• _INPUT RECORDS_:

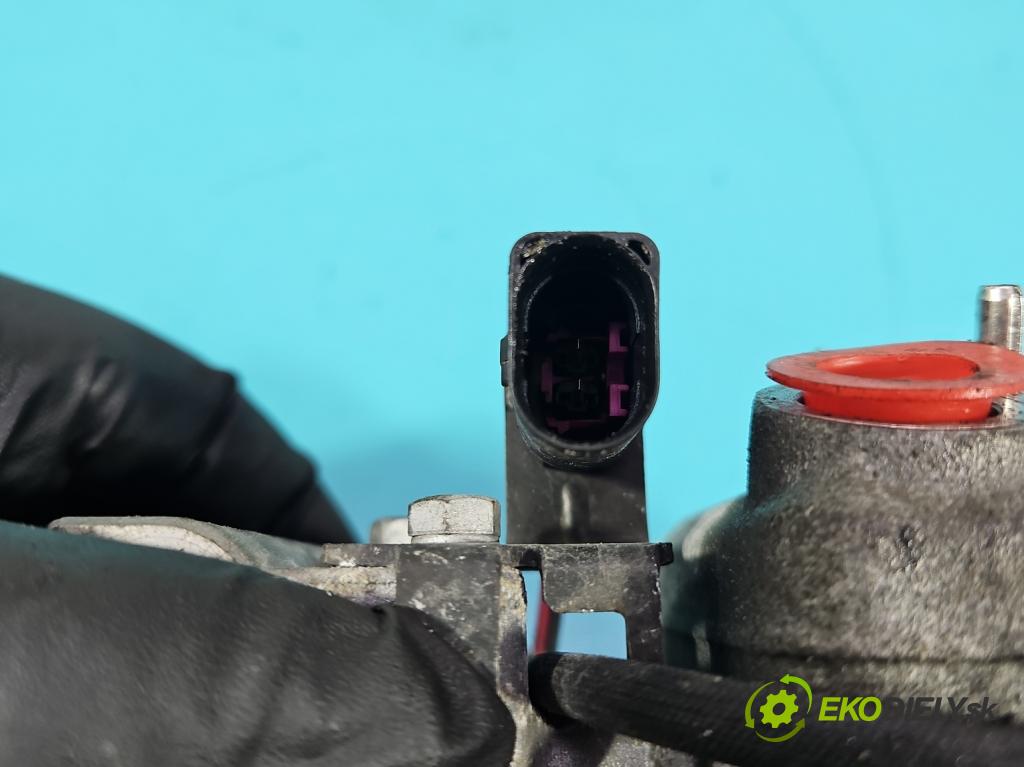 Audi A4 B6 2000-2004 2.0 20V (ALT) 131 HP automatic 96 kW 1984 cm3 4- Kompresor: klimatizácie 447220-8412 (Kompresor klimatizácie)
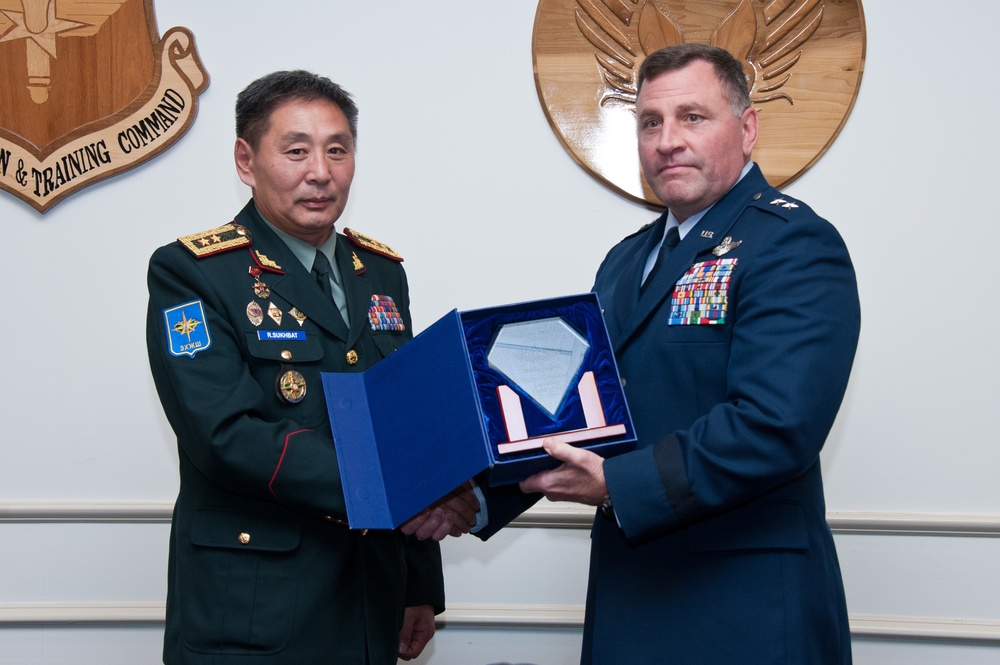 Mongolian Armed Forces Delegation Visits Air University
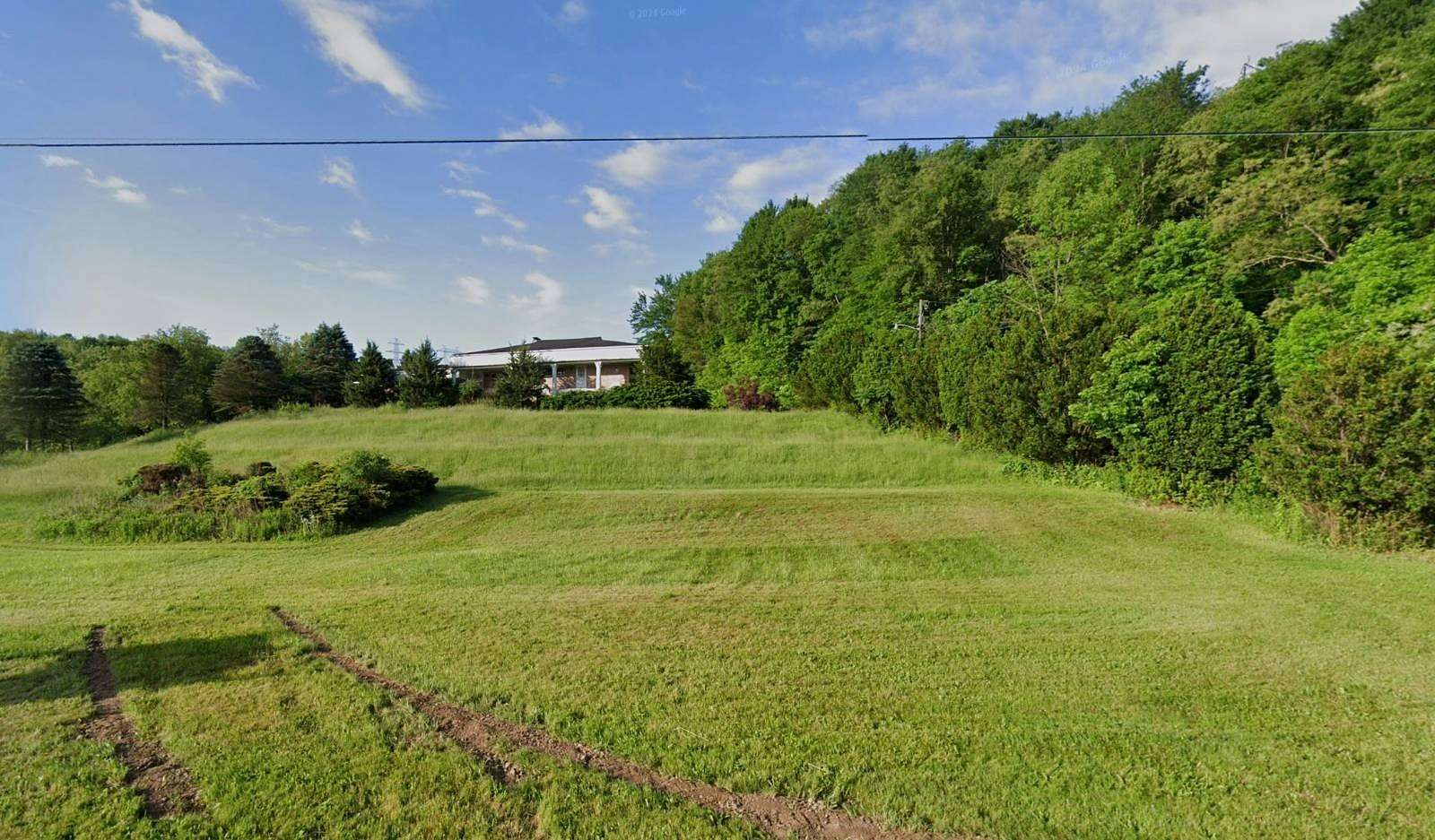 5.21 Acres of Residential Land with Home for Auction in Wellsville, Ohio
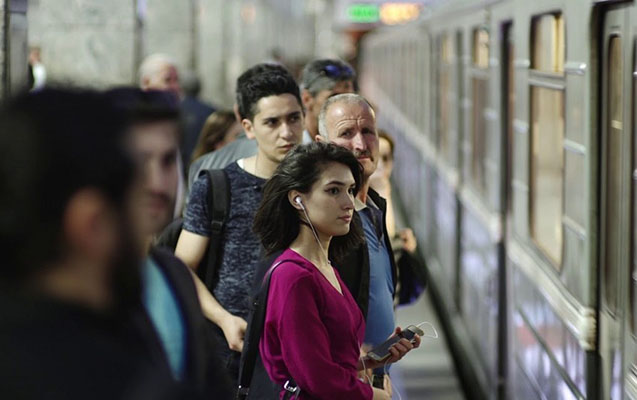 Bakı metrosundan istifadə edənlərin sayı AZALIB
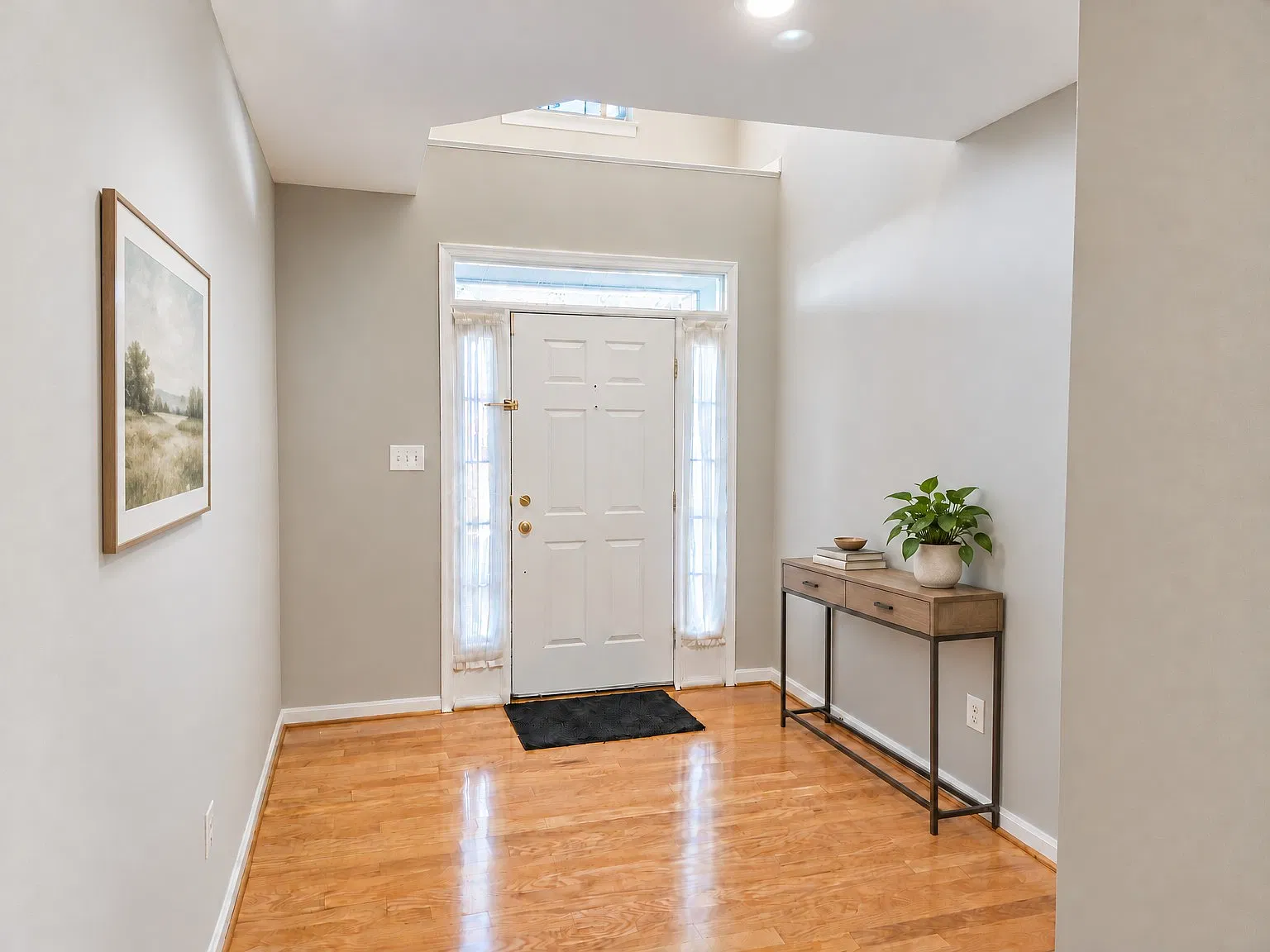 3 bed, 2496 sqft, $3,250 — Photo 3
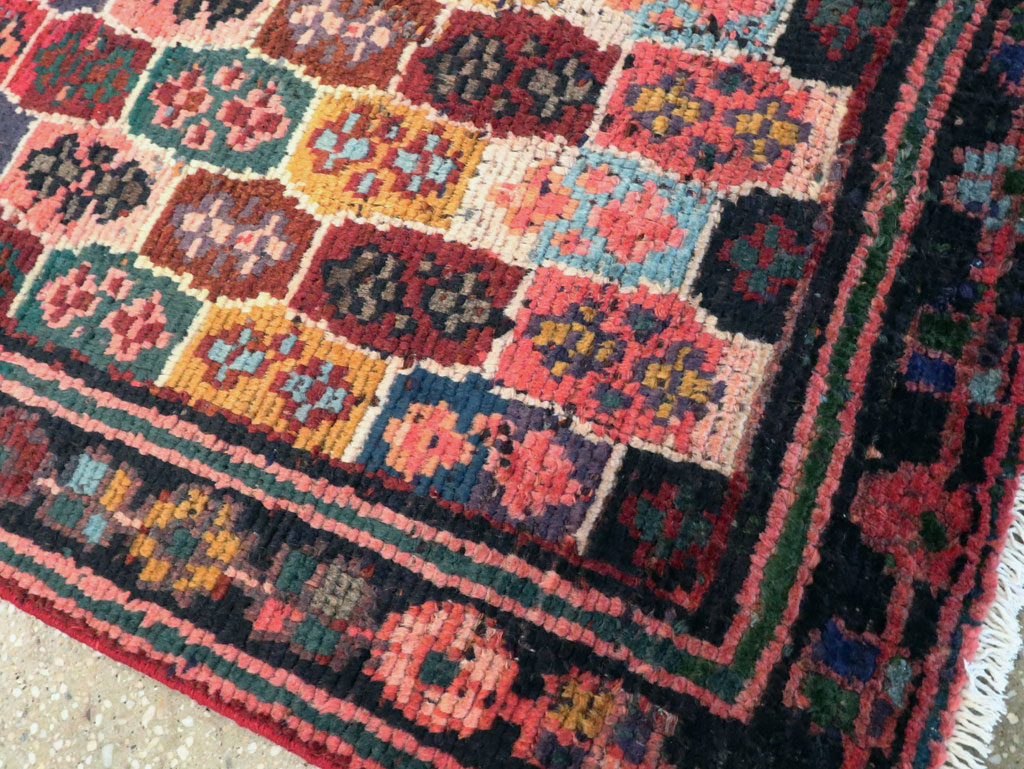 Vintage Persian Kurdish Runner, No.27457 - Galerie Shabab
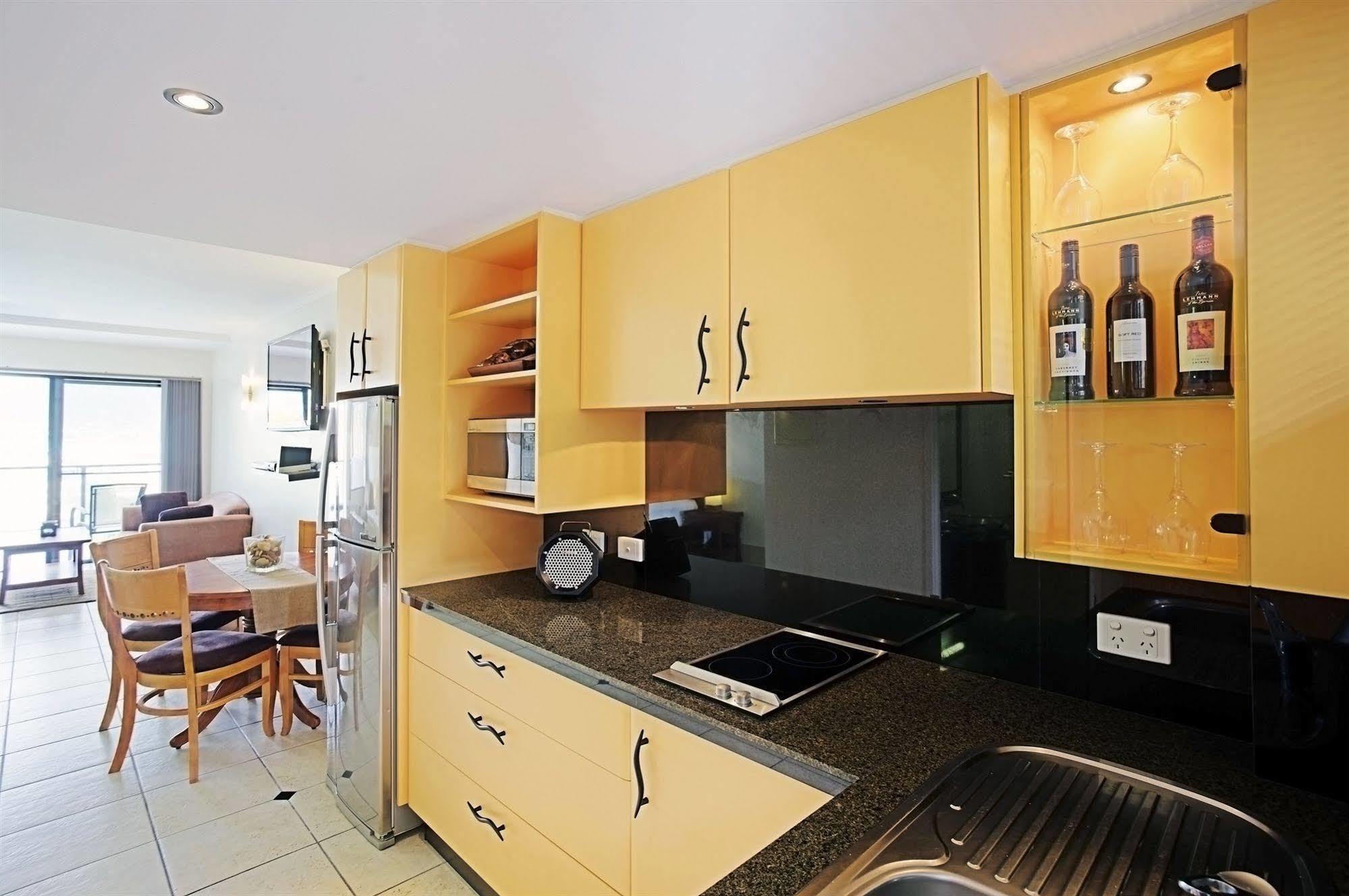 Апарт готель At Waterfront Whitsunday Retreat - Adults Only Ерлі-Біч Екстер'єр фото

• _ABOUT THIS TASK_: Copy the records exactly as they appear, excluding images.

• _SOLUTION_:
 Audi A4 B6 2000-2004 2.0 20V (ALT) 131 HP automatic 96 kW 1984 cm3 4- Kompresor: klimatizácie 447220-8412 (Kompresor klimatizácie)
 Mongolian Armed Forces Delegation Visits Air University
 5.21 Acres of Residential Land with Home for Auction in Wellsville, Ohio
 Bakı metrosundan istifadə edənlərin sayı AZALIB
 3 bed, 2496 sqft, $3,250 — Photo 3
 Vintage Persian Kurdish Runner, No.27457 - Galerie Shabab
 Апарт готель At Waterfront Whitsunday Retreat - Adults Only Ерлі-Біч Екстер'єр фото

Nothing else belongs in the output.